To get started, read the developer documentation for Cloudflare Calls.

Live Instant Clipping: create clips from live streams and recordings

Live broadcasts often include short bursts of highly engaging content within a longer stream. Creators and viewers alike enjoy being able to make a “clip” of these moments to share across multiple channels. Being able to generate that clip rapidly enables our customers to offer instant replays, showcase key pieces of recordings, and build audiences on social media in real-time.

Today, Cloudflare Stream is launching Live Instant Clipping in open beta for all customers. With the new Live Clipping API, you can let your viewers instantly clip and share moments from an ongoing stream - without re-encoding the video.

When planning this feature, we considered a typical user flow for generating clips from live events.
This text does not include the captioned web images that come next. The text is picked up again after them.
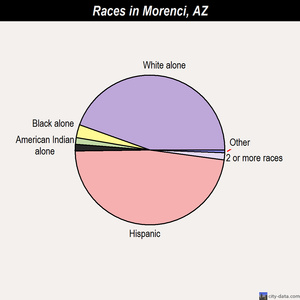 Mesa races chart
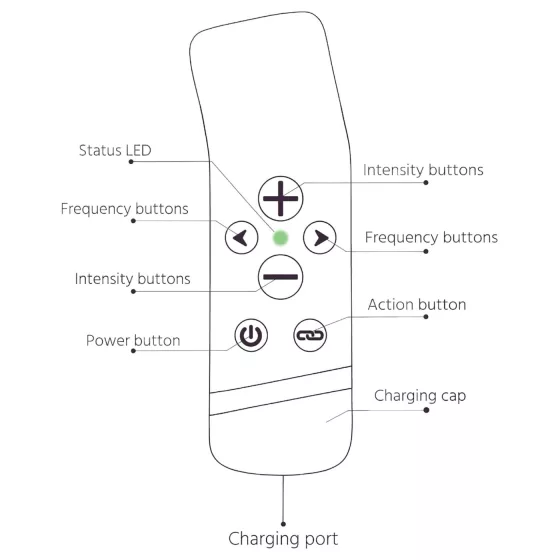 Introducing The Handy Oh! - ResoTouch Vibrator (Black)
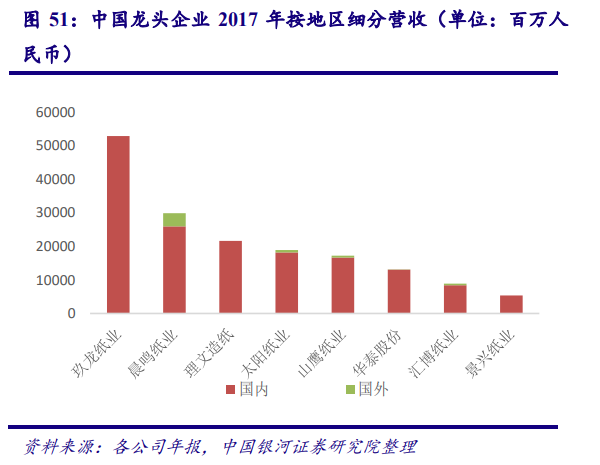从美国市场看中国造纸业：对上游原材料的把控度决定行业话语权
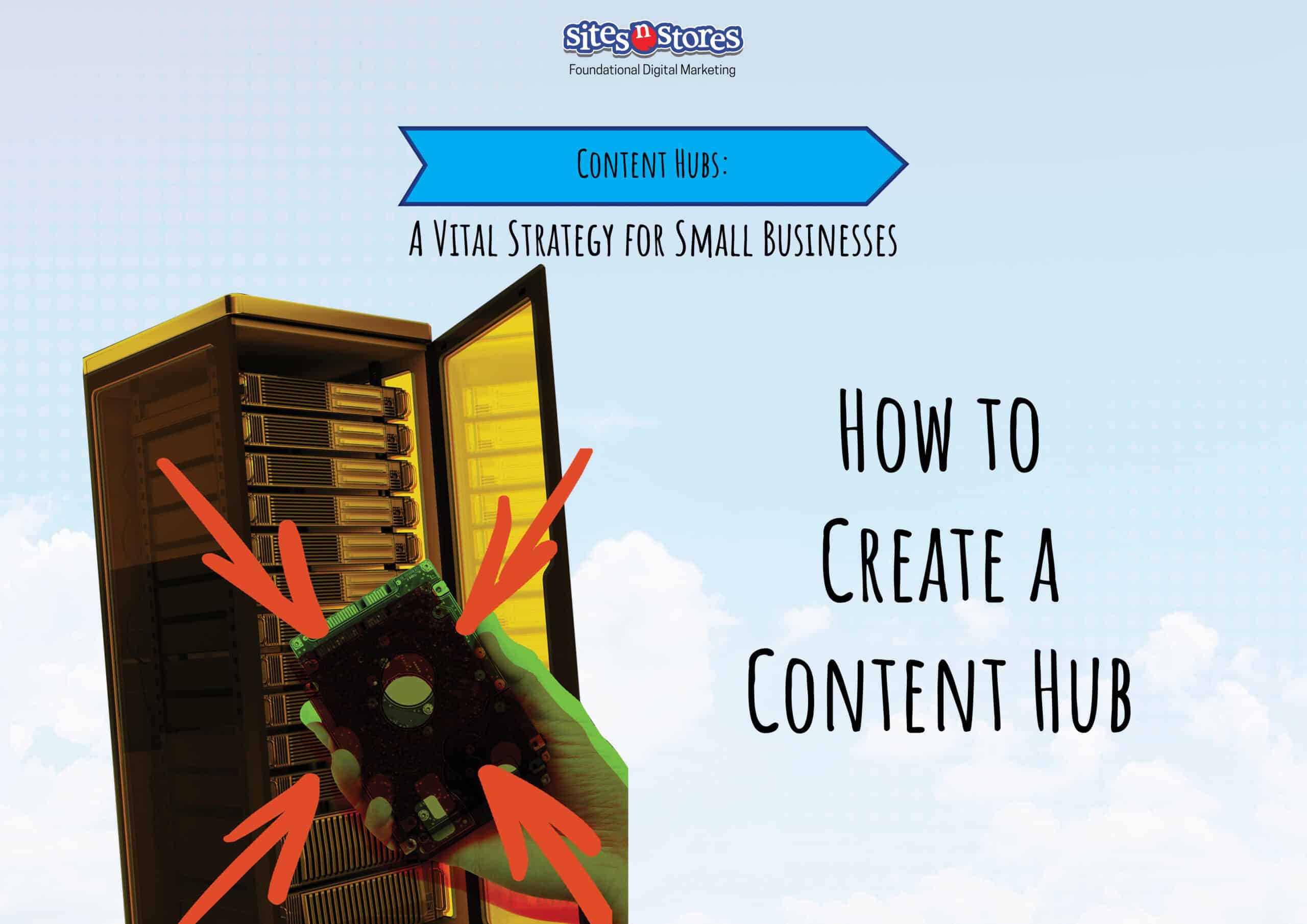 How to Create a Content Hub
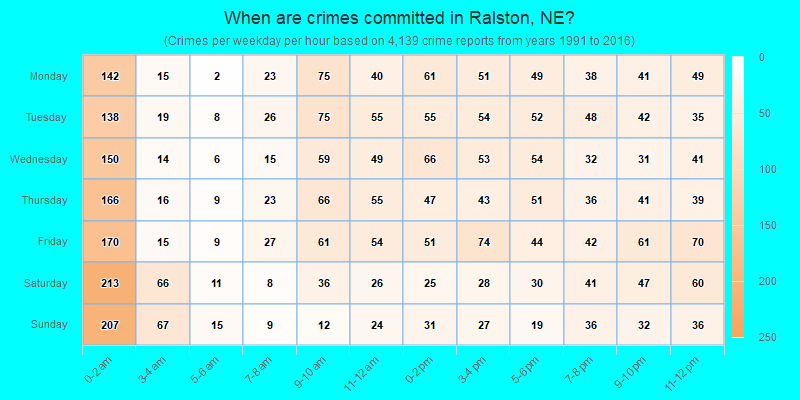When are crimes committed in Ralston, NE?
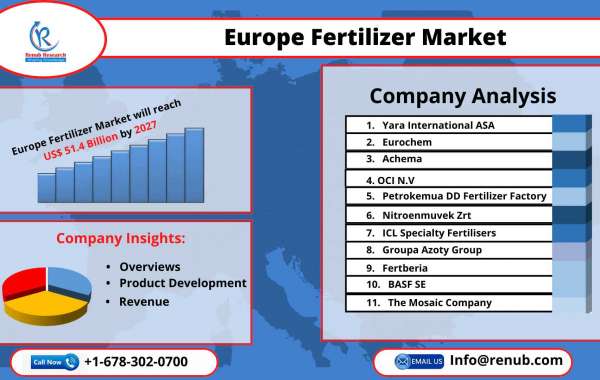 Europe Fertilizer Market Expands registering a CAGR of 7.3% during 2021-2027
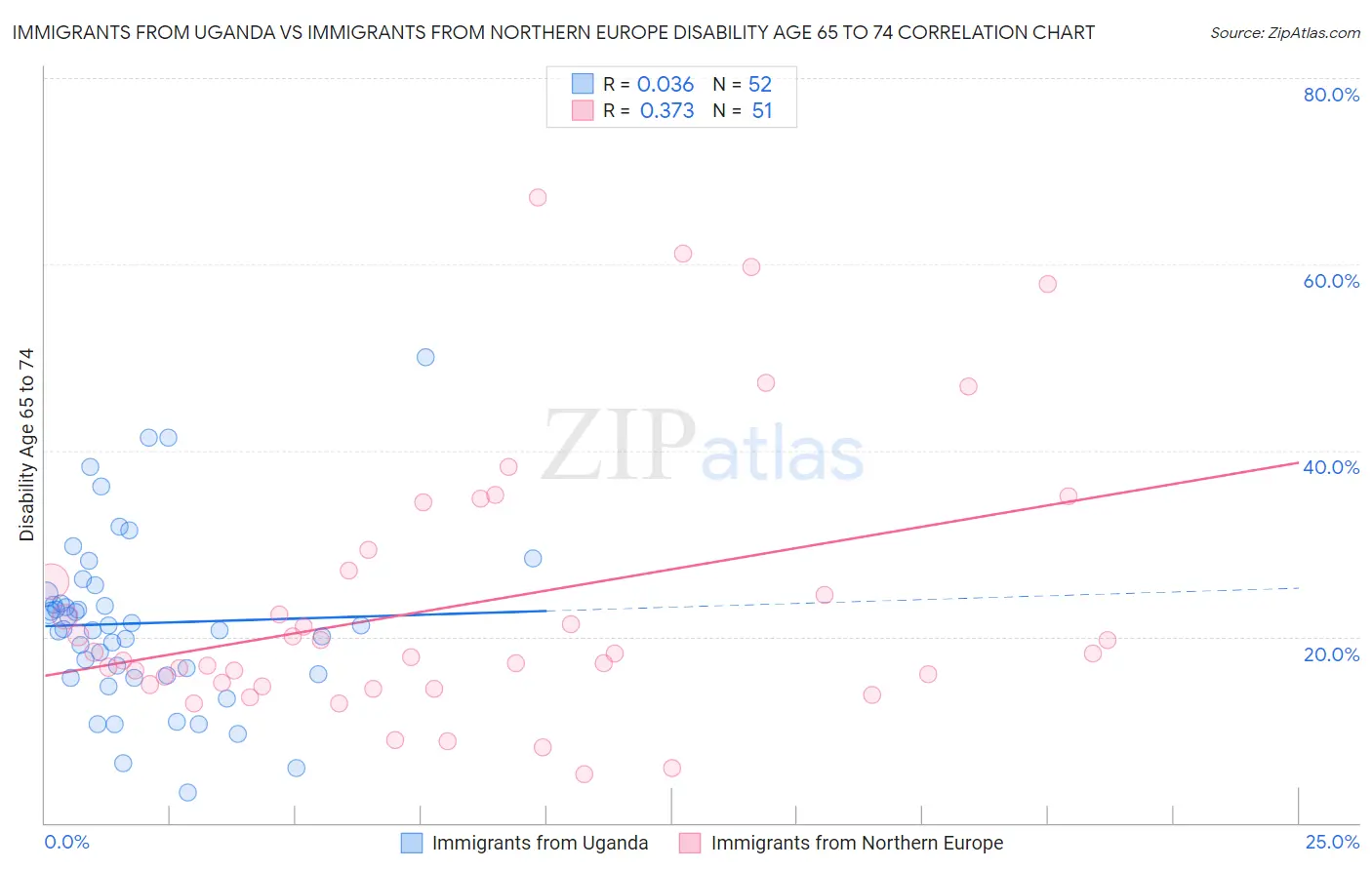 Immigrants from Uganda vs Immigrants from Northern Europe Disability Age 65 to 74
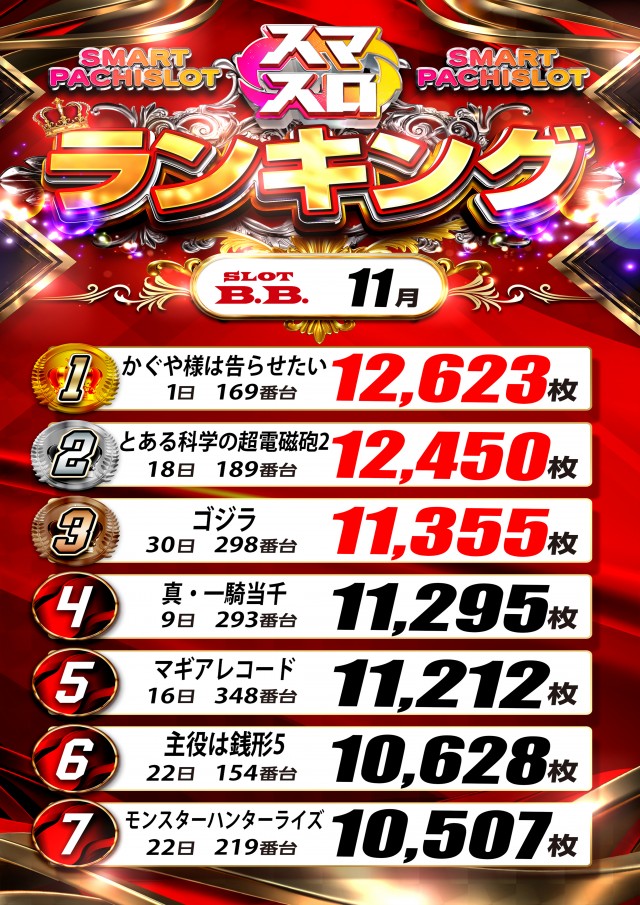 B.B.東雲店の最新情報画像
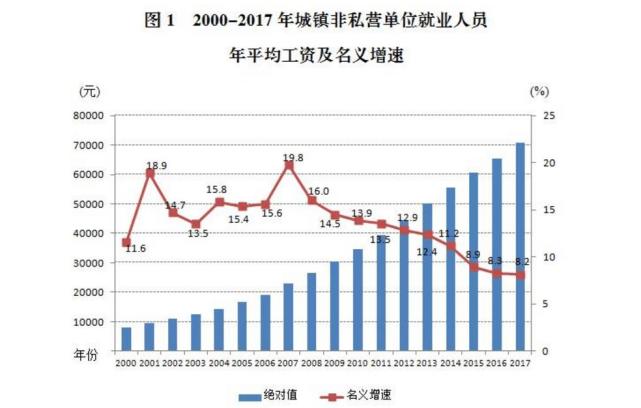 重庆市多少人口2017_重庆市各区人口结构图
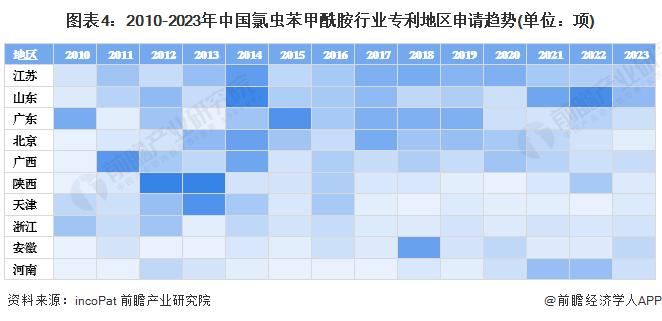 收藏！2024年全球氯虫苯甲酰胺行业技术竞争格局(附区域申请分布、申请人排名、专利申请集中度等)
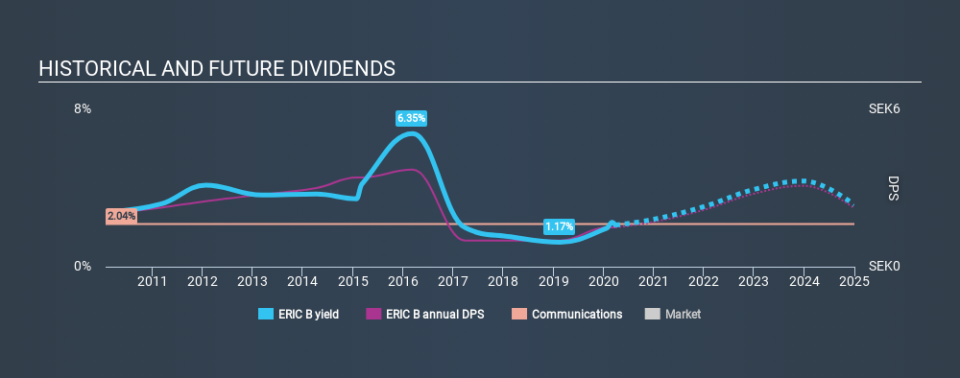 OM:ERIC B Historical Dividend Yield March 27th 2020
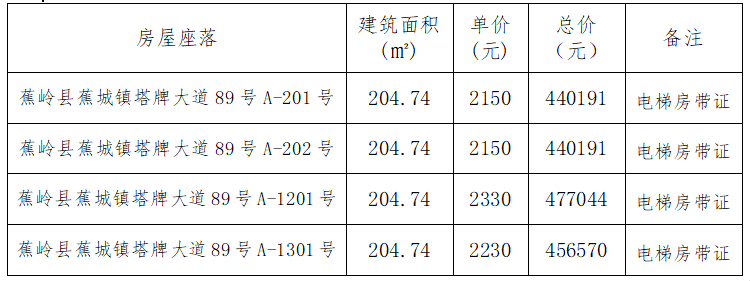 公海彩船6600(中国游)官方网站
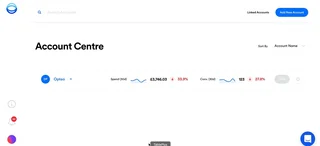 Account Centre With Linked Accounts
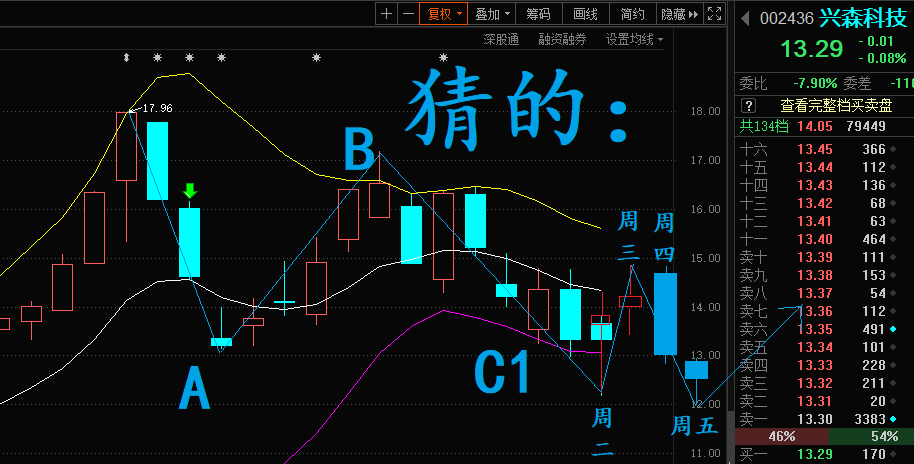 兴森科技吧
Consider users watching a stream of a video game: something wild happens and users want to save and share a clip of it to social media. What will they do?

First, they’ll need to be able to review the preceding few minutes of the broadcast, so they know what to clip. Next, they need to select a start time and clip duration or end time, possibly as a visualization on a timeline or by scrubbing the video player. Finally, the clip must be available quickly in a way that can be replayed or shared across multiple platforms, even after the original broadcast has ended.

That ideal user flow implies some heavy lifting in the background. We now offer a manifest to preview recent live content in a rolling window, and we provide the timing information in that response to determine the start and end times of the requested clip relative to the whole broadcast. Finally, on request, we will generate on-the-fly that clip as a standalone video file for easy sharing as well as an HLS manifest for embedding into players.

Live Instant Clipping is available in beta to all customers starting today! Live clips are free to make; they do not count toward storage quotas, and playback is billed just like minutes of video delivered. To get started, check out the Live Clipping API in developer documentation.

Integrate Cloudflare Images into your application with only a few lines of code

Building applications with user-uploaded images is even easier with the upload widget, a pre-built, interactive UI that lets users upload images directly into your Cloudflare Images account.

Many developers use Cloudflare Images as an end-to-end image management solution to support applications that center around user-generated content, from AI photo editors to social media platforms. Our APIs connect the frontend experience – where users upload their images – to the storage, optimization, and delivery operations in the backend.

But building an application can take time. Our team saw a huge opportunity to take away as much extra work as possible, and we wanted to provide off-the-shelf integration to speed up the development process.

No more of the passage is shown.